Brief »
Copy the listing that follows exactly. Its pictures do not belong in the copy.

Source data »
▽
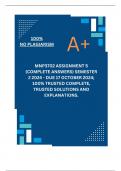 MNP3702 Assignment 5 (COMPLETE ANSWERS) Semester 2 2024 - DUE 17 October 2024; 100% TRUSTED Complete, trusted solutions and explanations. 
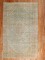 Green Peach Persian Worn Mahal Accent Rug No. j3040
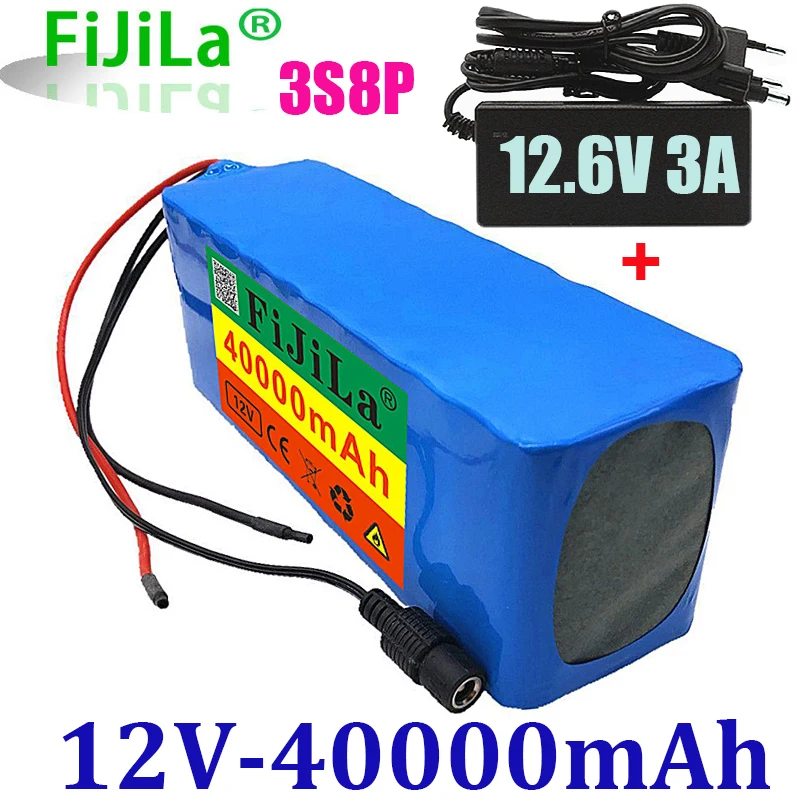 3s8p 18650 аккумуляторная батарея большой емкости 12 в 40 Ач литиевая Защитная плата 40000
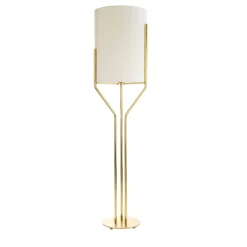 Lampada da terra a tre tubi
△
The answer »
 MNP3702 Assignment 5 (COMPLETE ANSWERS) Semester 2 2024 - DUE 17 October 2024; 100% TRUSTED Complete, trusted solutions and explanations. 
 Green Peach Persian Worn Mahal Accent Rug No. j3040
 3s8p 18650 аккумуляторная батарея большой емкости 12 в 40 Ач литиевая Защитная плата 40000
 Lampada da terra a tre tubi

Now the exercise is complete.